TASK BRIEF: Retype the line in which "Hello everyone! I'm" appears, then every line after it until the records end. Leave out the pictures.

SOURCE DATA:
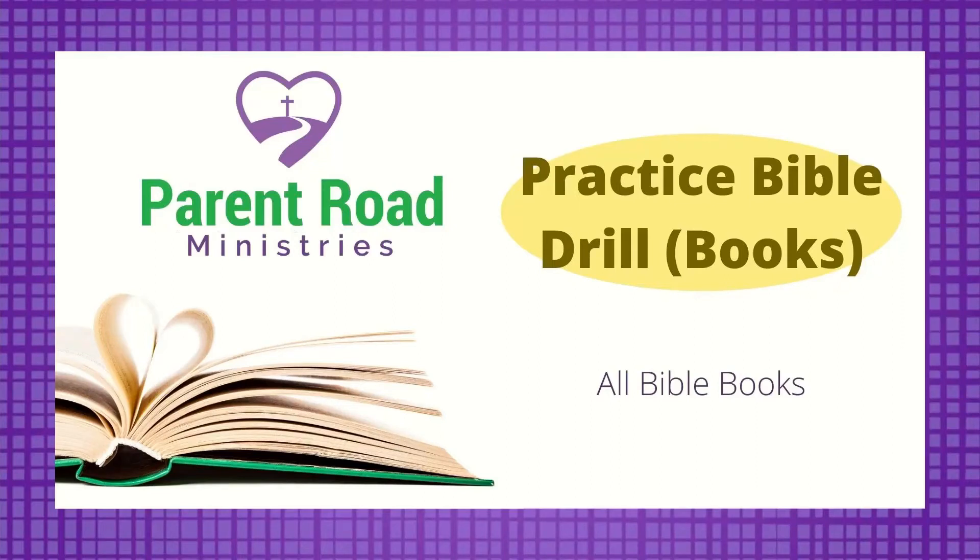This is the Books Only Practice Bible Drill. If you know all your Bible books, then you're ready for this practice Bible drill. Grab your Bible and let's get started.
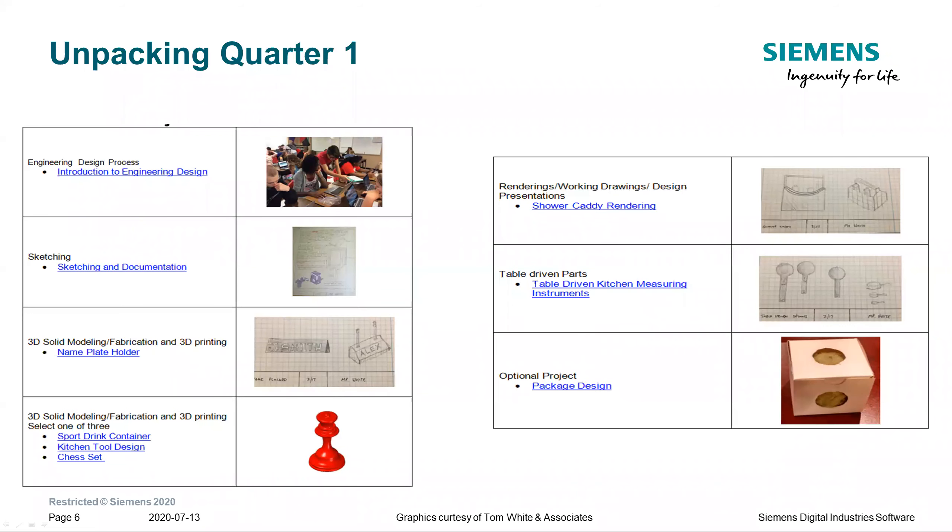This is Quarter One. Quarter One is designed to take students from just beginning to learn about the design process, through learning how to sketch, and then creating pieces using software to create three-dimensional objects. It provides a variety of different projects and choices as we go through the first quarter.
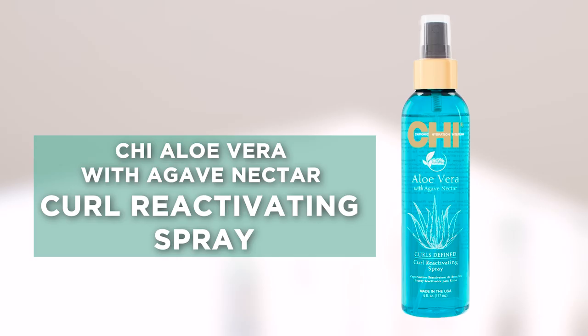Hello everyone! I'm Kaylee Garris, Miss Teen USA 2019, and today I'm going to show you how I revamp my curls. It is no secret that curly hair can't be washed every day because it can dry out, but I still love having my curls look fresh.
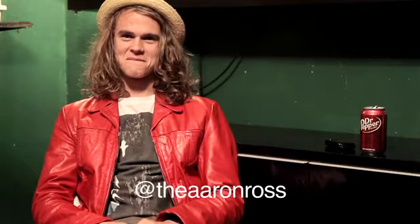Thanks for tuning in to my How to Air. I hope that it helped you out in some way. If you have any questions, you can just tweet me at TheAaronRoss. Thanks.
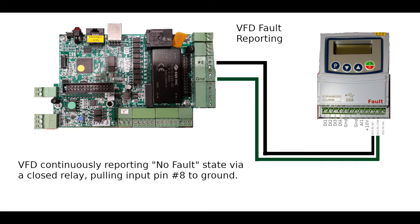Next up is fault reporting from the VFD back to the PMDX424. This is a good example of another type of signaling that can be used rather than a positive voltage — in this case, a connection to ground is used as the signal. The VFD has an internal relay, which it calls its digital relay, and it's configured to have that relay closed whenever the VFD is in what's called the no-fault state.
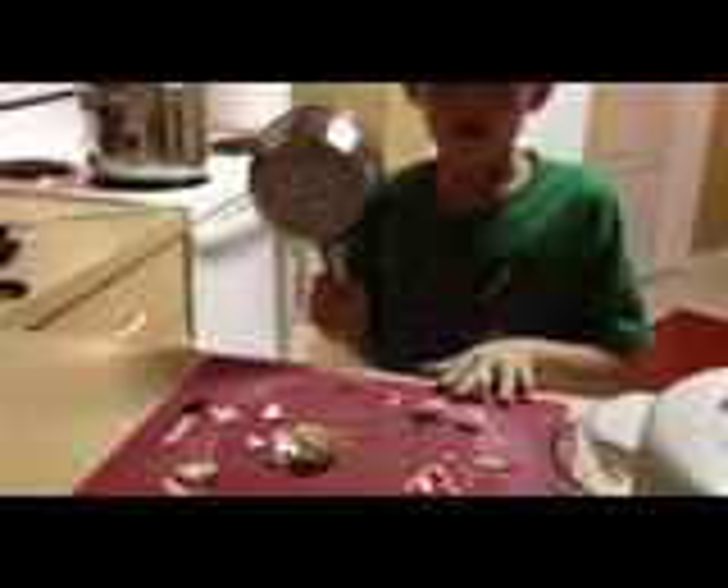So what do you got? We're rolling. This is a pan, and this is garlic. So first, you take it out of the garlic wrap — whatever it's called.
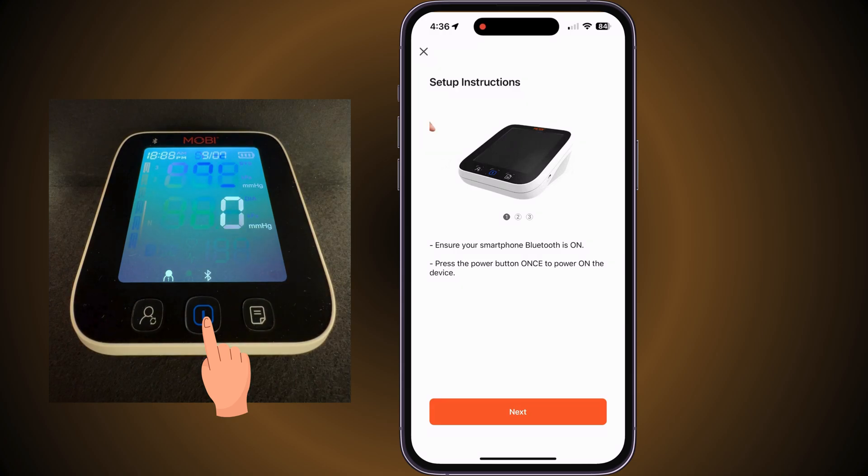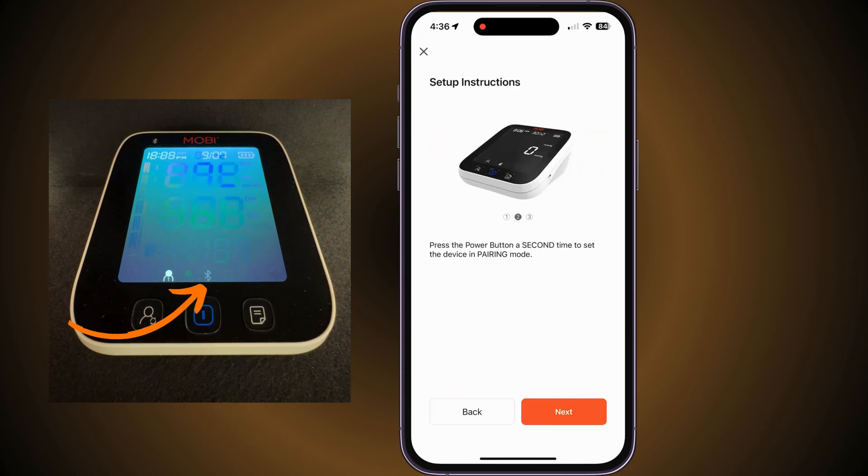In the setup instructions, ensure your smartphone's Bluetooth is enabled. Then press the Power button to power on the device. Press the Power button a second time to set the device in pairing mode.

EXPECTED ANSWER:
Hello everyone! I'm Kaylee Garris, Miss Teen USA 2019, and today I'm going to show you how I revamp my curls. It is no secret that curly hair can't be washed every day because it can dry out, but I still love having my curls look fresh.
Thanks for tuning in to my How to Air. I hope that it helped you out in some way. If you have any questions, you can just tweet me at TheAaronRoss. Thanks.
Next up is fault reporting from the VFD back to the PMDX424. This is a good example of another type of signaling that can be used rather than a positive voltage — in this case, a connection to ground is used as the signal. The VFD has an internal relay, which it calls its digital relay, and it's configured to have that relay closed whenever the VFD is in what's called the no-fault state.
So what do you got? We're rolling. This is a pan, and this is garlic. So first, you take it out of the garlic wrap — whatever it's called.
In the setup instructions, ensure your smartphone's Bluetooth is enabled. Then press the Power button to power on the device. Press the Power button a second time to set the device in pairing mode.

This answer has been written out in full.